= Data extract =
--*--
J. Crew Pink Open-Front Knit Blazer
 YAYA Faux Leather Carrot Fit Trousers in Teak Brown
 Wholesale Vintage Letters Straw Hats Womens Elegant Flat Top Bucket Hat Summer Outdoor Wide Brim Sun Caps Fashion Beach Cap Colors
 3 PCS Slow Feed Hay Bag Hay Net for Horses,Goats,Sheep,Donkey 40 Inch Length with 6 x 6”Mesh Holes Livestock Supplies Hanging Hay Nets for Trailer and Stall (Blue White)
--*--
= To do =
Repeat, exactly, every line from the one containing "Wholesale Vintage Letters" through the final line of the listing above, adding nothing.

= Exercise solution =
 Wholesale Vintage Letters Straw Hats Womens Elegant Flat Top Bucket Hat Summer Outdoor Wide Brim Sun Caps Fashion Beach Cap Colors
 3 PCS Slow Feed Hay Bag Hay Net for Horses,Goats,Sheep,Donkey 40 Inch Length with 6 x 6”Mesh Holes Livestock Supplies Hanging Hay Nets for Trailer and Stall (Blue White)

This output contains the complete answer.